Hanno dormito in cabina per non perdere tempo e percorrere 3.150 chilometri, andata e ritorno, e consegnare 3.300 chili, più di 3 tonnellate, di cibo e vestiti, raccolti in tempo record, "la Pro loco ci ha messo a disposizione il magazzino per lo stoccaggio. La risposta è stata travolgente".

"E’ un’esperienza che lascia il segno", raccontano i quarantenni. Negli occhi tutta l’emozione di un ritorno che è solo il primo di una serie. "Stiamo già pensando a un secondo viaggio. Al campo profughi non c’era un uomo, lo sappiamo, lo sentiamo ogni giorno in televisione, ma vedere con i propri occhi donne e bambini soli è diverso. Significa che tutte queste famiglie rischiano di essere spezzate.

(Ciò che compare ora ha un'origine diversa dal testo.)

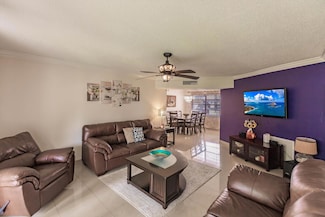 4270 NW 40th St Unit 105, Lauderdale Lakes, FL 33319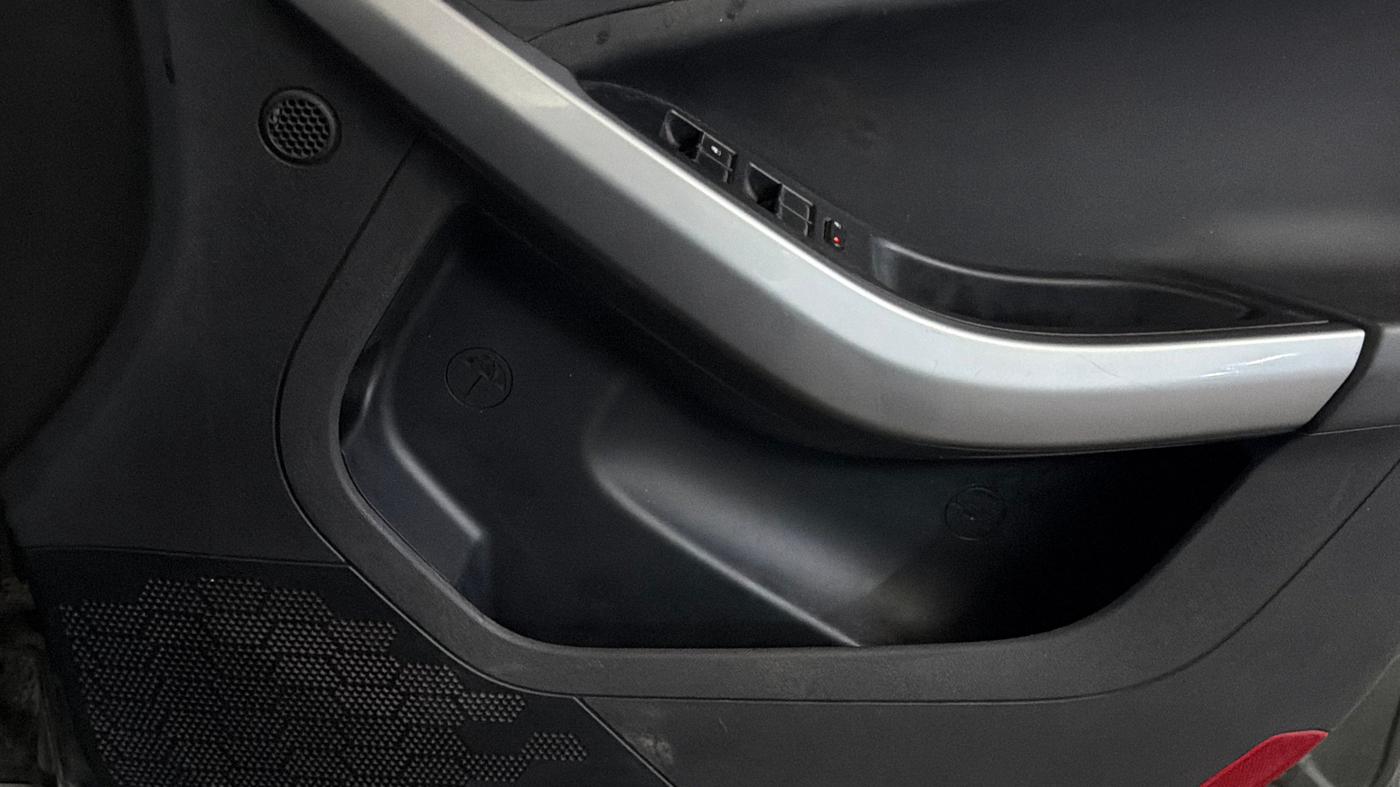 2020 Tata NEXON XMA PETROL, Petrol, Automatic, 92,329 km, Driver Side Door Panels Control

Siamo scoppiati a piangere". L’unico modo per sentirsi utili "è fare qualcosa di concreto". "Questa guerra ci fa sentire vicini a migliaia di innocenti che soffrono". Il ritorno della spedizione a casa, domenica sera, è servito a dare un passaggio a Monica, una delle tante giovani mamma in fuga dall’inferno con il figlioletto di 2 anni e una nipote di 13.

"Siamo scappati dopo il bombardamento della centrale di Zaporizhzhia", ricorda la donna, un’odissea di 10 giorni verso la salvezza con mezzi di fortuna e tanti chilometri a piedi. Ora sono a Paderno d’Adda, li ha presi in carico un’associazione dietro la promessa che li riporterà a casa appena possibile.

"Ecco perché – sottolinea Paolo – molti ucraini non vogliono venire in Italia: è troppo lontana dalla loro vita andata in frantumi in quattro settimane. Preferiscono la Polonia, la Danimarca, la Germania a meno che da noi non abbiamo parenti. Mettersi a disposizione significa capire anche queste dinamiche e organizzare aiuti che ne tengano conto".

Per decine di volontari brianzoli che negli ultimi giorni hanno riempito i furgoncini è ora di rimettersi al lavoro: "Senza di loro non ce l’avremmo fatta: grazie a tutti", ripetono Paolo, Luca e Diego pronti a rifare la spola.